Literary fiction? Not so much.
“Literary” suggests shiny prose and real life on the page. And part of the bargain is that the ending could be inconclusive. Thought-provoking. Not always, of course, but that’s a distinct possibility.
But fans of genre fiction know there is as much powerful commentary on the human condition in a good mystery as there is in any novel up for the Booker or Pulitzer. “Genre” fiction can be every bit as inventive and arty and revelatory as something dubbed literature.
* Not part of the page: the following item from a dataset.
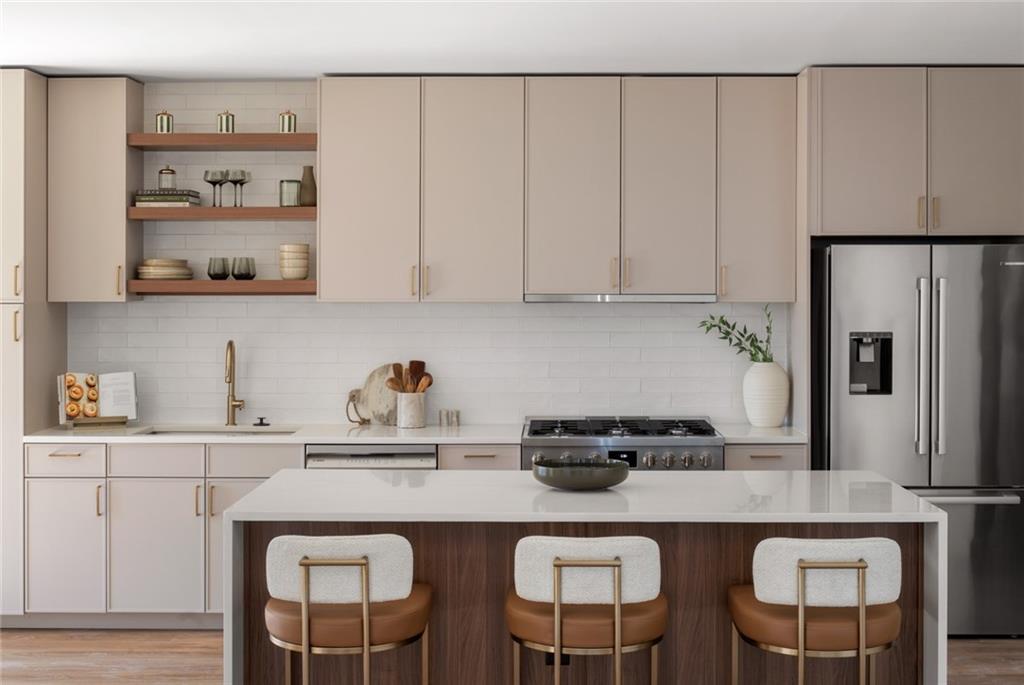 1081 Juniper Street Northeast, Unit S2C Atlanta, GA 30309 - Photo 11 of 46 a kitchen with a sink a refrigerator and cabinets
Of course. It’s a known fact.
I don’t know what Gary Reilly was thinking when he wrote The Paradise That Lurks in Female Smiles. But it’s got crime fiction bones and ample literary touches. The story in a nutshell: Earnest writing teacher Charley Quinn has his world upended by a new female student who brings him sex, intrigue, and puzzles about her past.
The story is also full of Charley Quinn’s keen observations on the world around him, including his somewhat blunt opinions on the transactional nature of male-female relationships.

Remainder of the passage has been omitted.